* **WHAT NEEDS TO BE DONE**: What does the data read, word for word, from the line containing "Чистящий спрей Defender" through its final line? Give those lines only.

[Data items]
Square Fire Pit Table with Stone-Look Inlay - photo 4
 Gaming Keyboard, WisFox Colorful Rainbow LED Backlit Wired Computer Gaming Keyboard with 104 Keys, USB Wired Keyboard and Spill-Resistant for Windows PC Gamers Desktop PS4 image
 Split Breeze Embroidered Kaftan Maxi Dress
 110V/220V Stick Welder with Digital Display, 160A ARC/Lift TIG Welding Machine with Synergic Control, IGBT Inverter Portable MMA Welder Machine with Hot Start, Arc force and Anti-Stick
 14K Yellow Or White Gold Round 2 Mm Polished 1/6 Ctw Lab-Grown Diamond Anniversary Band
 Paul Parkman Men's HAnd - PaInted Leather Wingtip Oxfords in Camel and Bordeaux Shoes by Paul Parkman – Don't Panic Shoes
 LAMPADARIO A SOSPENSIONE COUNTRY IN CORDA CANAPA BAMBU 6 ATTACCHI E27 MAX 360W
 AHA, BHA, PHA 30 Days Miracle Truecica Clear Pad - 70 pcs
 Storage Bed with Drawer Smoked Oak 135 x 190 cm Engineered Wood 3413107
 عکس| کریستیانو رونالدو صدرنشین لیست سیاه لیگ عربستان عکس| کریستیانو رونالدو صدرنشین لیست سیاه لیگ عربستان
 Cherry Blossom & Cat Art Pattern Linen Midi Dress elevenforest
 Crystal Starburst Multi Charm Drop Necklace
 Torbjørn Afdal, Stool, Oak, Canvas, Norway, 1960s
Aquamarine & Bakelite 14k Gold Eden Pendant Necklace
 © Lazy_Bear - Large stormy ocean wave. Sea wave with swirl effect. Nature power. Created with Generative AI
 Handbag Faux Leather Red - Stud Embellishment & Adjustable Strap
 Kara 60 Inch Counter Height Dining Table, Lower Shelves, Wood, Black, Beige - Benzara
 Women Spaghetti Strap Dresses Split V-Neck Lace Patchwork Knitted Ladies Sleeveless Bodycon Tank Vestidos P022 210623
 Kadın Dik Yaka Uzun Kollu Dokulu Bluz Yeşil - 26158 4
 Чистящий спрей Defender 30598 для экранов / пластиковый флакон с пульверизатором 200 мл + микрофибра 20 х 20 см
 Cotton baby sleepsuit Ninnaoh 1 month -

* **RESPONSE TO THIS EXERCISE**:
 Чистящий спрей Defender 30598 для экранов / пластиковый флакон с пульверизатором 200 мл + микрофибра 20 х 20 см
 Cotton baby sleepsuit Ninnaoh 1 month -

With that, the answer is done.